Amid AI talent shortage, Google Brain, Coursera co-founder Andrew Ng urges learning, building in holidays

Ng strongly advised against diving into AI projects without foundational knowledge, calling it ‘bad advice’ for those not already immersed in expert communities.

Ng, a Stanford adjunct faculty member and former head of Baidu AI Group and Google Brain, positioned this as a timely moment for growth.
Ng, a Stanford adjunct faculty member and former head of Baidu AI Group and Google Brain, positioned this as a timely moment for growth.

AI pioneer Andrew Ng, founder of Google Brain and co-founder of Coursera, has addressed the ongoing paradox in the AI industry. In his post, Andrew says that rapid advancements are creating unprecedented opportunities, yet companies are struggling to find skilled talent. “Another year of rapid AI advances has created more opportunities than ever for anyone — including those just entering the field — to build software,” Ng stated.

He emphasised that “many companies just can’t find enough skilled AI talent,” turning what some fear as job displacement into a call for more people to upskill. Ng shared his personal holiday routine of learning and building AI systems, encouraging others to do the same to sharpen skills and advance careers in tech.

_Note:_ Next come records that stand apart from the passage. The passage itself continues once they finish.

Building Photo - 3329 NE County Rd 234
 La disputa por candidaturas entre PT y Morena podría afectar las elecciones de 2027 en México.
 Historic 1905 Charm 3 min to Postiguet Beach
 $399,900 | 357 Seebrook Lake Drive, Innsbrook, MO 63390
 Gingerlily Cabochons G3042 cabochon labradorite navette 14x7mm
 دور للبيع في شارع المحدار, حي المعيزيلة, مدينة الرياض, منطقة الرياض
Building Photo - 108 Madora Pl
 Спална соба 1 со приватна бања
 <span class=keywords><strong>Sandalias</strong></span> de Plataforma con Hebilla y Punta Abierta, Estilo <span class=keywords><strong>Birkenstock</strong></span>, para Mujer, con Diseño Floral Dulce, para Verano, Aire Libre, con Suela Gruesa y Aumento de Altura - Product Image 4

Ng, a Stanford adjunct faculty member and former head of Baidu AI Group and Google Brain, positioned this as a timely moment for growth. “Every winter holiday, I spend some time learning and building, and I hope you will too,” he wrote, noting how this practice helps maintain expertise amid fast-paced changes.

Importance of structured learning: Avoid reinventing the wheel

Ng strongly advised against diving into AI projects without foundational knowledge, calling it ‘bad advice’ for those not already immersed in expert communities. He warned that without understanding basics, developers risk “reinventing the wheel or — more likely — reinventing the wheel badly.” Drawing from job interviews, Ng recounted examples of candidates who wasted time recreating standard techniques like RAG document chunking, Agentic AI evaluations, or LLM context management—issues that could be avoided with relevant courses.

He called for structured education as both efficient and enjoyable. “If they had taken a couple of relevant courses, they would have better understood the building blocks that already exist,” says Andrew. Ng added a personal touch, saying, “Rather than watching Netflix, I prefer watching a course by a knowledgeable AI instructor any day!” This approach, he argued, prevents unnecessary work and sparks innovation, allowing builders to improve upon existing solutions.

Hands-on practice and research

While courses provide the groundwork, Ng stressed that “taking courses alone isn’t enough,” likening it to learning airplane theory without ever piloting. “There are many lessons that you’ll gain only from hands-on practice,” he explained, highlighting how building AI systems reveals practical insights. With tools like agentic coders making creation easier than ever, Ng encouraged experimentation. “The good news is that by learning to use highly agentic coders, the process of building is the easiest it has ever been,” he added.

For advanced growth, Ng optionally recommended reading research papers, acknowledging their difficulty but value. “While I find research papers much harder to digest than courses, they contain a lot of knowledge that has not yet been translated to easier-to-understand formats,” he noted. Prioritising this lower than courses or building, Ng described the “flashes of insight” from papers as “delightful,” urging those tackling cutting-edge problems to build this skill.

Closing on a balanced note, Ng wished everyone a “wonderful winter holiday and a Happy New Year,” reminding followers to “spend time with loved ones — that, too, is important!” His message reframes the AI boom as an inclusive opportunity, provided individuals commit to a blend of learning, practice, and curiosity.

This article was first uploaded on December thirty, twenty twenty-five, at thirty-six minutes past nine in the night.